Oil and gas group Shell was one of the gainers in the stock market in Amsterdam on Friday, helped by a rally in oil prices. In addition, the Reuters news agency reported that CEO Ben Van Beurden will leave next year, based on Shell insiders. Also, investors in Europe are mainly looking forward to the crucial jobs report released by the US government later in the day.
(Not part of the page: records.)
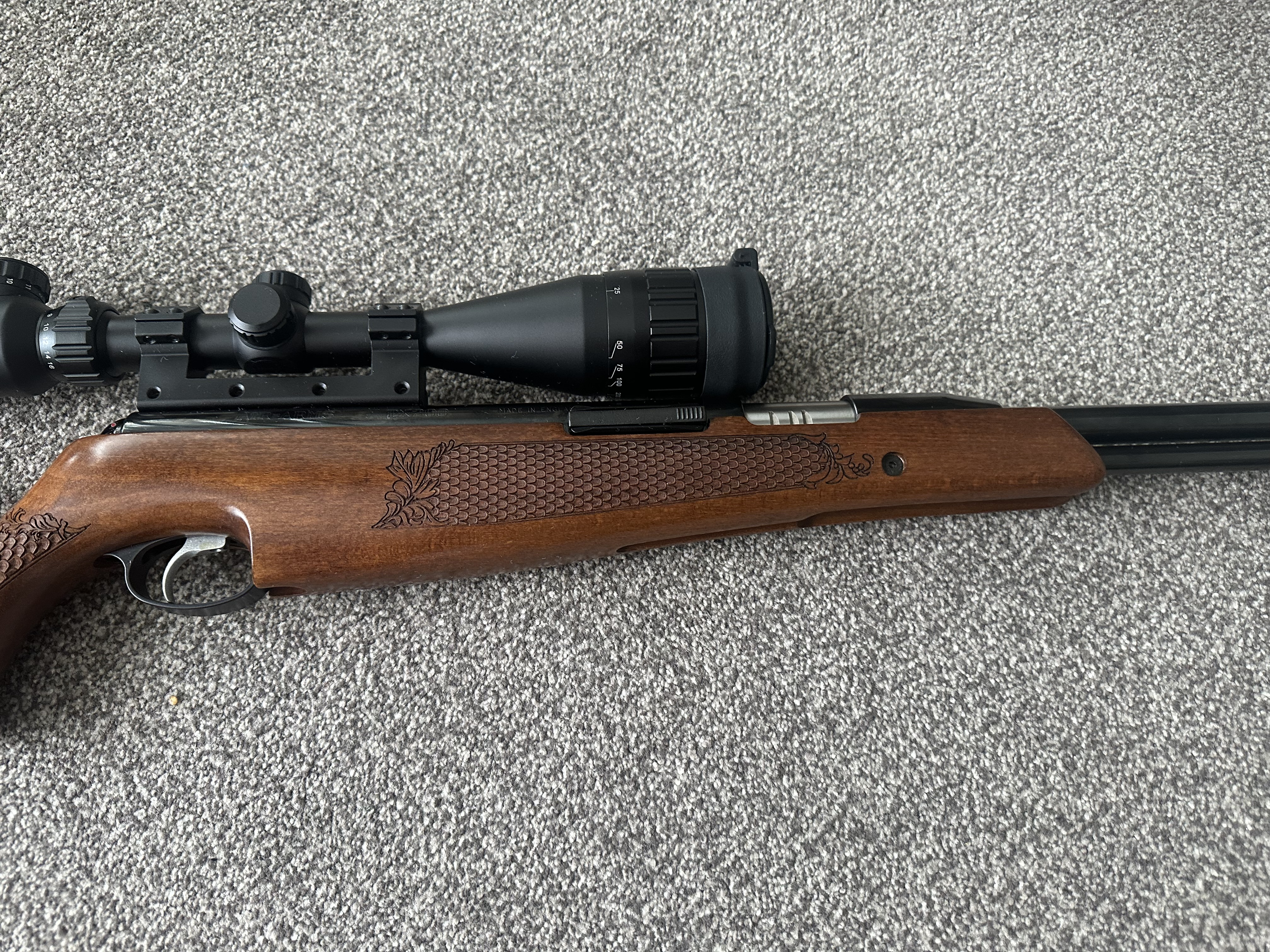 Air Arms TX200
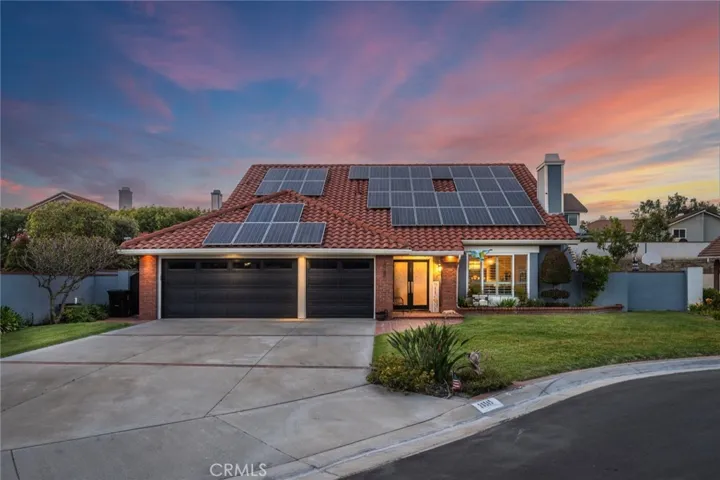 20545 Via Campanas, Yorba Linda, California 92886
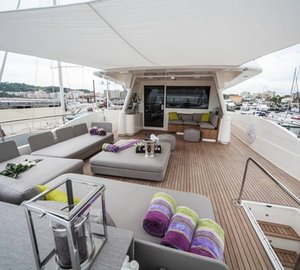 LE PETIT BATEAU - Flybridge 2
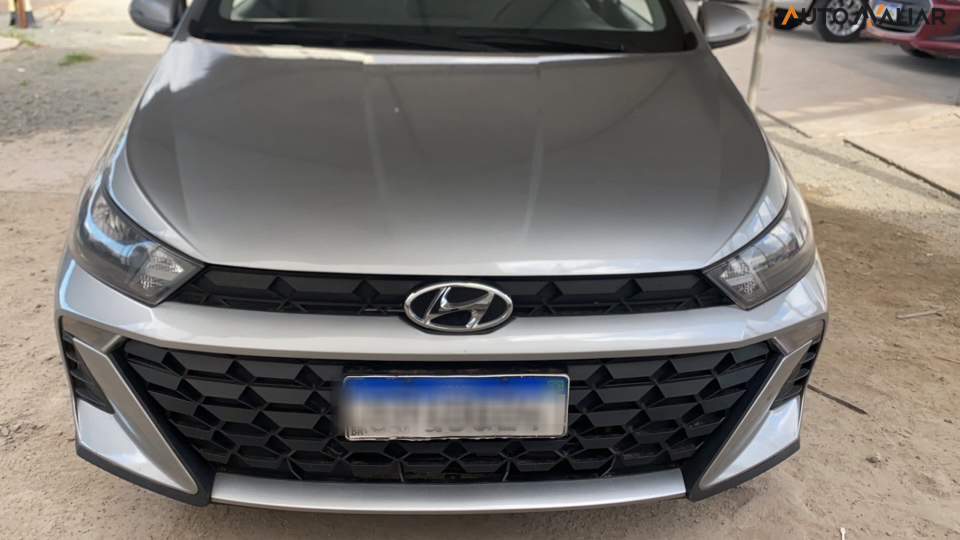 HYUNDAI HB20S 1.0 12V FLEX COMFORT PLUS MANUAL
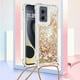 thumbnail image 2 of Funda FOXDOCK para Motorola Edge 2024 5G con Cuerda Ajustable, Brillo Líquido, Protección Antigolpes y Lente – Ideal para Regalo, 2 of 6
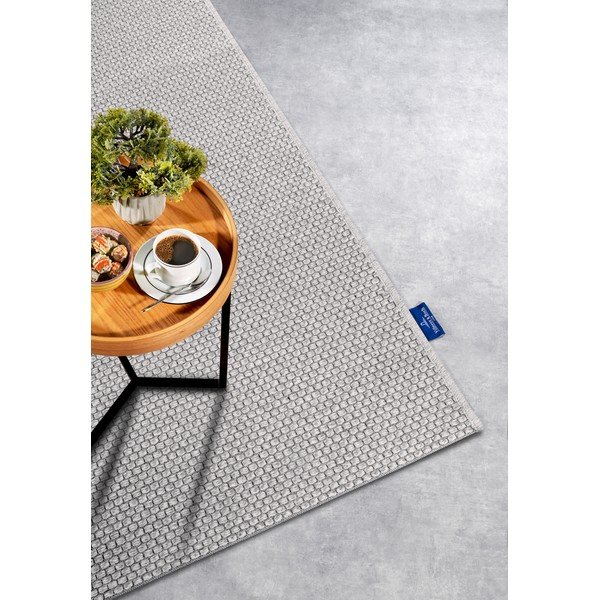 Světle šedý vlněný koberec 200x290 cm Charles – Villeroy&Boch-image-2
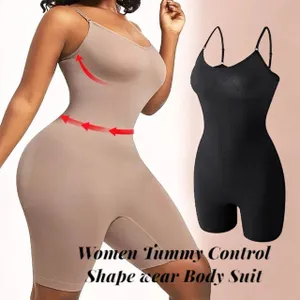 Women’s Tummy Control Shape wear Body Suit (Free Size)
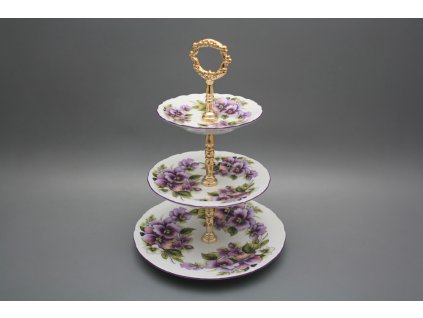 OFEMAC ETAŽÉR TŘÍPATROVÝ OFÉLIE MACEŠKY CvFL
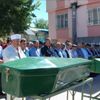 Adıyaman'da yaşamanı yitirenler toprağa verildi Adıyaman'da yaşamanı yitirenler toprağa verildi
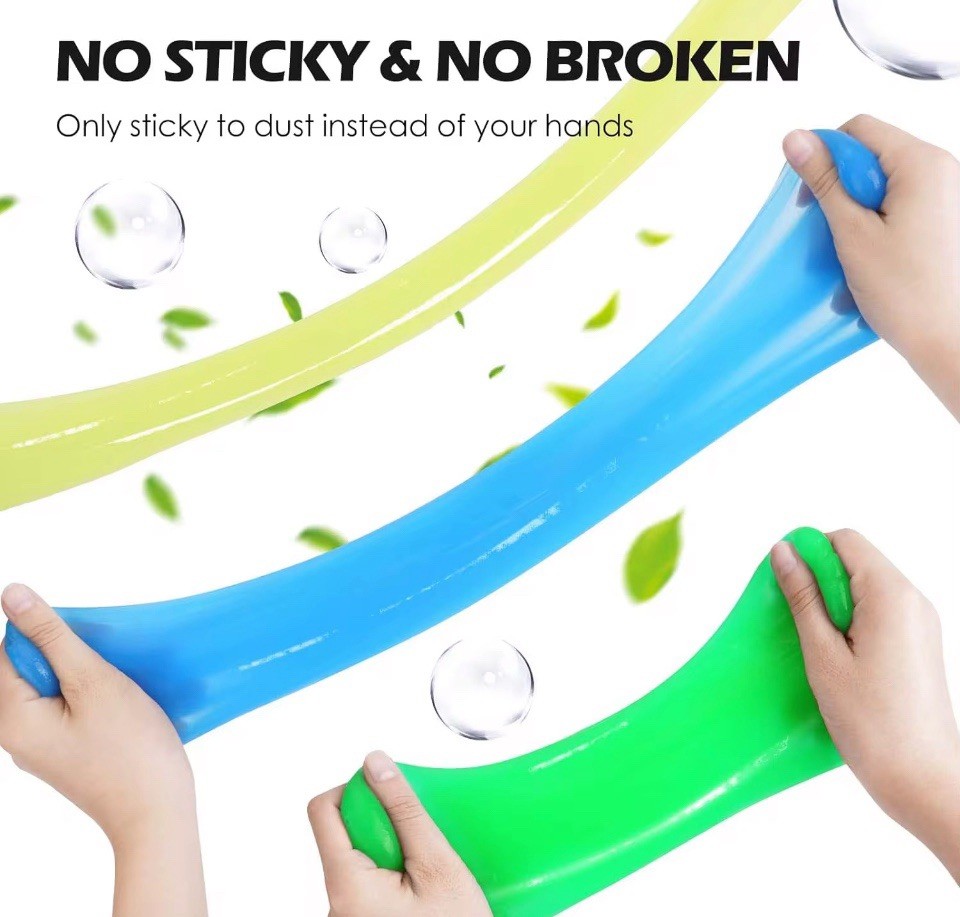 Super Clean GEL Cleaner for Cars or Office *Super Fast Shipping* *USA SELLER*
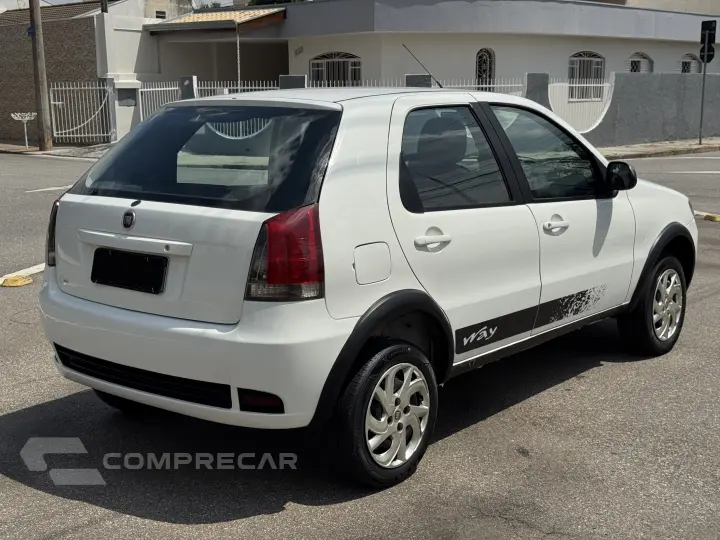 PALIO 1.0 MPI Fire WAY 8V
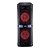 Caixa Acústica Philco PCX18000 Bluetooth 1700W - Bivolt - Imagem 1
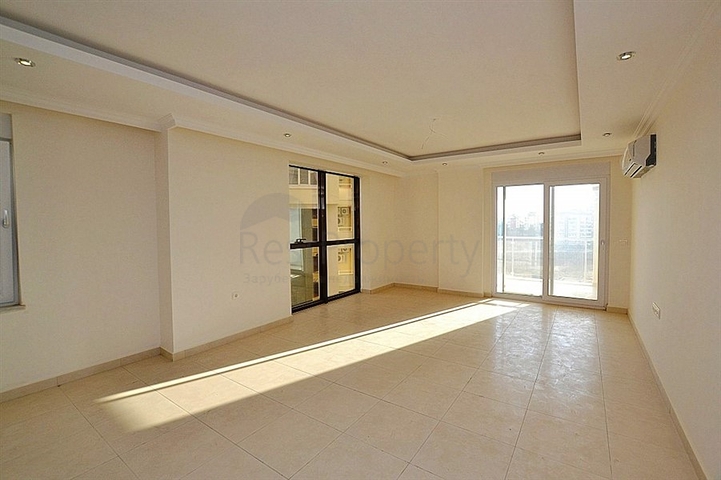 شقة ضمن مجمع حديث في منطقة أفسلار – ألانيا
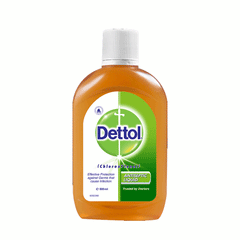 Dettol Chloroxylenol Original 500ml
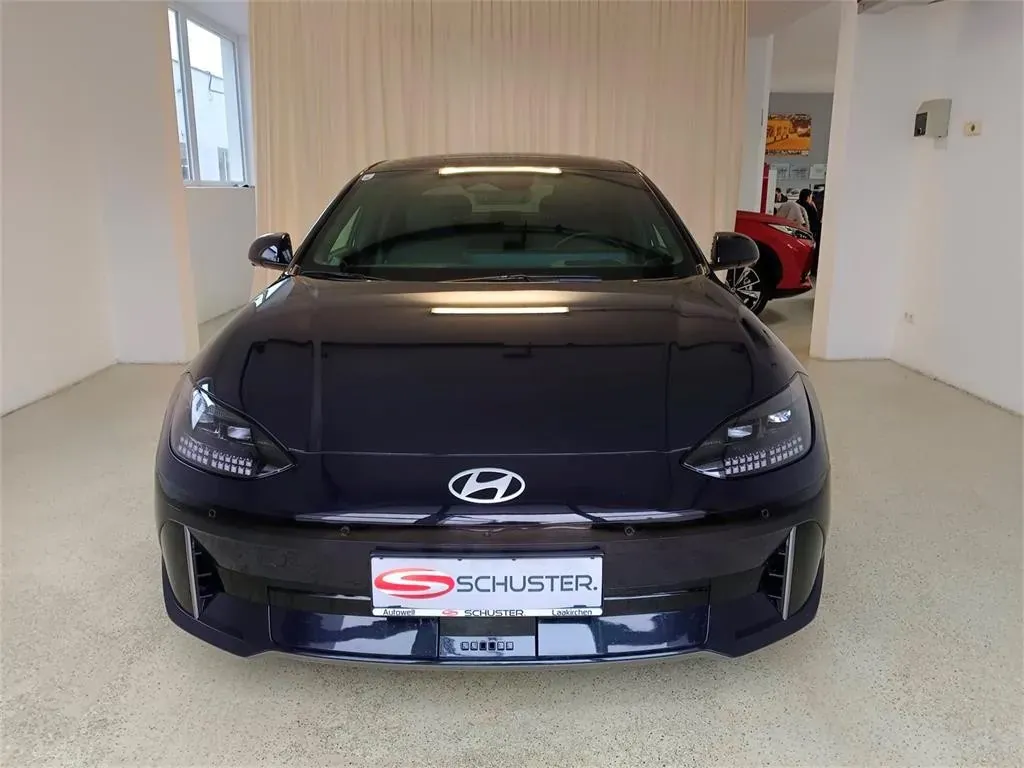 Hyundai Ioniq 6 2025 photo 2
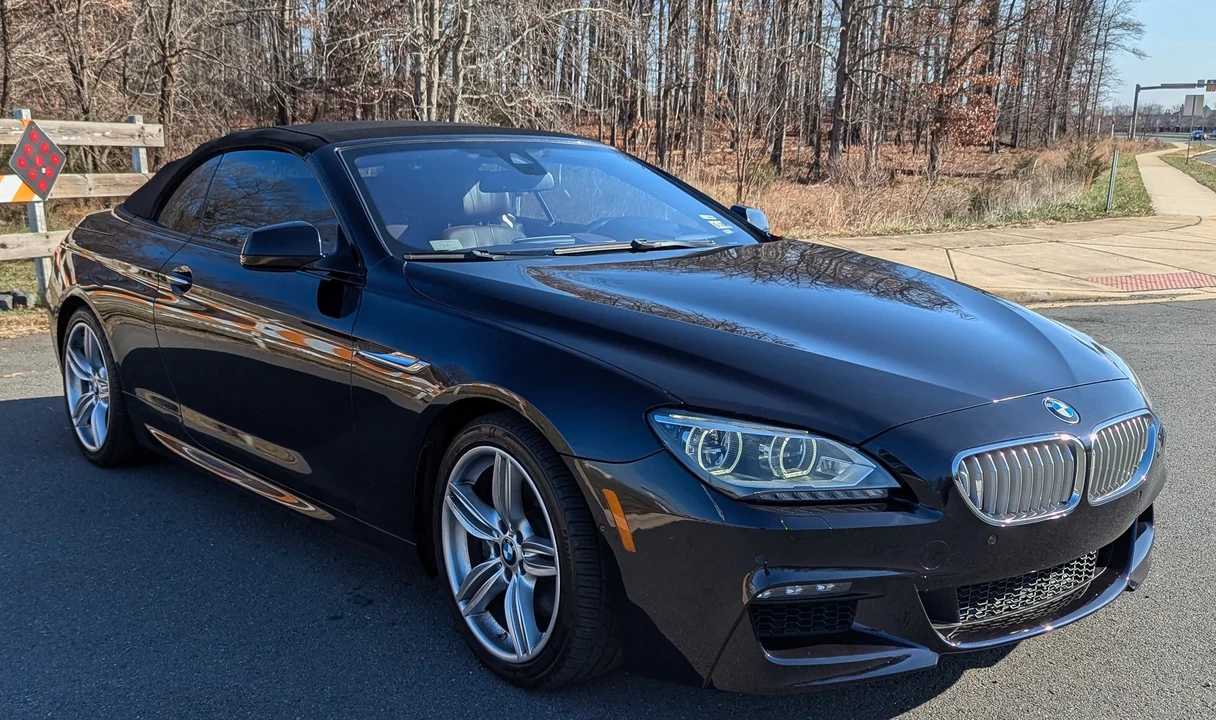 2013 BMW F06/F12/F13 650i - Image 4 of 31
The report is highly significant for the interest rate policy of the Federal Reserve, the umbrella body of US central banks.
Strong job growth in the U.S. leaves more room for the Fed to continue raising interest rates aggressively against high inflation. The central bank may raise interest rates again by three-quarters of a percentage point later this month. In recent days, fears that strong rate hikes by the Fed and other central banks could lead to a recession have fueled stock markets.
The AEX index in Amsterdam rose 0.5 percent to 670.34 points in early trade. The main index fell 2 percent on Thursday on interest rate fears. Midcap rose 0.4 percent to 911.15 points. Shares in Paris, Frankfurt and London rose as much as 0.9 percent.
Shell rose 1.1 percent. Van Beurden, 64, has worked at Shell his entire career. He has been heading the company since January 2014. Shell is already looking at the successors. Shell has announced it will sell its majority stake in a joint venture with ExxonMobil in California. It will receive about $2 billion from German asset manager IKAV for the 51.8 percent Shell held in Era.
Phillips also drew attention with minus 0.5 percent. Phillips is paying more than $24 million to U.S. prosecutors for allegedly misleading U.S. health insurance plans. With the settlement, the healthcare technology company and Justice in America put an end to the problem. Prosecutors alleged that a subsidiary of Philips paid bribes to suppliers of medical equipment.
Oil prices rose after Thursday’s sharp decline. U.S. crude was up 2.1 percent at $88.41 a barrel, while Brent was up 2 percent at $94.21.
The euro traded at $0.9977 against a close of $0.9940 in European equities a day earlier.